Nunes Marques suspende ação envolvendo contrato de franquia

Para relator, Tribunal contrariou decisão do ministro Gilmar Mendes, no julgamento do Tema 1.389, que suspendeu todos as ações sobre o tema.
23/02/2026

O ministro Nunes Marques, do STF, cassou decisão do TST sobre vínculo de emprego em contrato de franquia da Prudential do Brasil Seguros S.A e determinou o interrompimento do processo na origem.

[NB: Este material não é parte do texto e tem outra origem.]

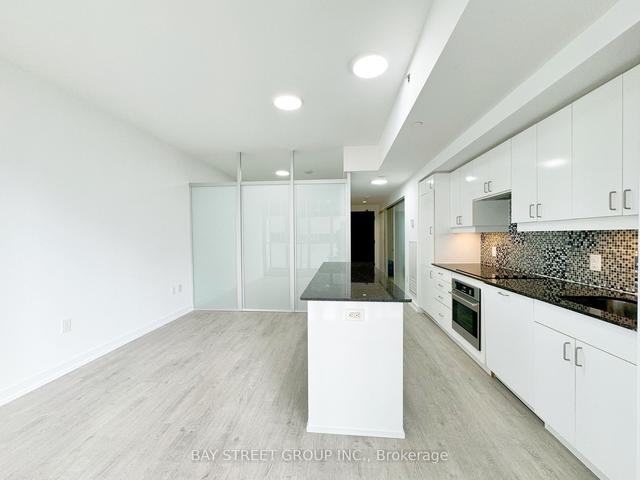 1107 - 426 University Ave, Condo with 1 bedrooms, 1 bathrooms and 0 parking in Toronto ON | Image 10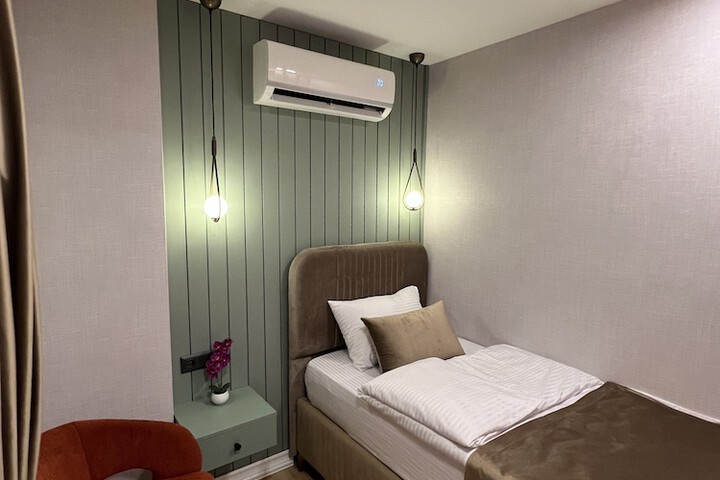 Room 15 of 47
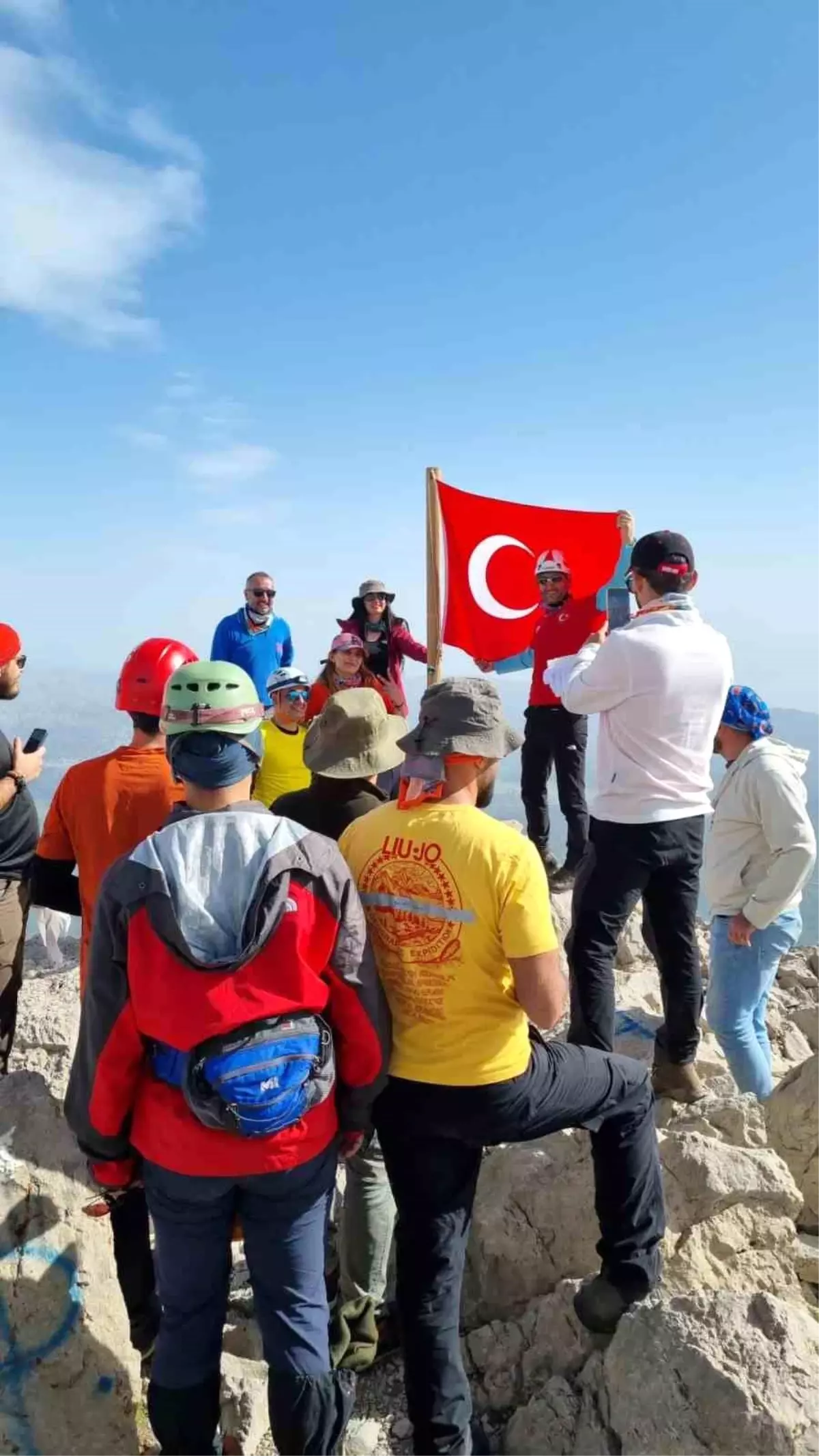 Kırşehirli Dağcılar Dedegöl Zirvesi'ne Tırmandı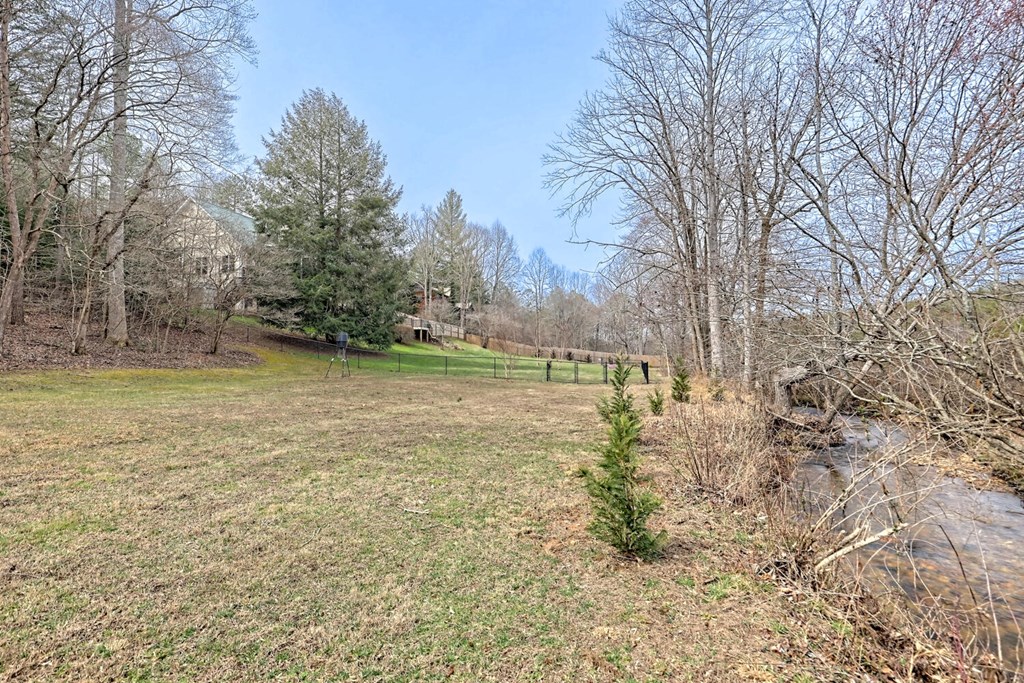 1659 Ivy Log Creek Road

Na decisão, o relator apontou que a Justiça do Trabalho contrariou decisão do ministro Gilmar Mendes, no julgamento do Tema 1.389, de abril de 2024, que determinou a suspensão de todos os processos que tratem de prestação de serviços.

Entenda

Em maio de 2024, o TRT da 3ª região declarou a incompetência da Justiça do Trabalho para julgar o pedido de vínculo trabalhista no contrato de franquia. Posteriormente, o TST acolheu recurso da franqueada, determinando novo julgamento do mérito pelo tribunal regional.

Diante disso, a franqueadora ingressou com reclamação no Supremo, alegando a inobservância do TST ao sobrestamento determinado pelo ministro Gilmar Mendes. A companhia apontou a importância de o STF decidir com urgência para garantir maior segurança jurídica ao setor de franquias.

Ao analisar o caso, o relator concluiu que o TST manteve a regular tramitação dos autos, “em manifesta inobservância à decisão proferida por este Supremo Tribunal”.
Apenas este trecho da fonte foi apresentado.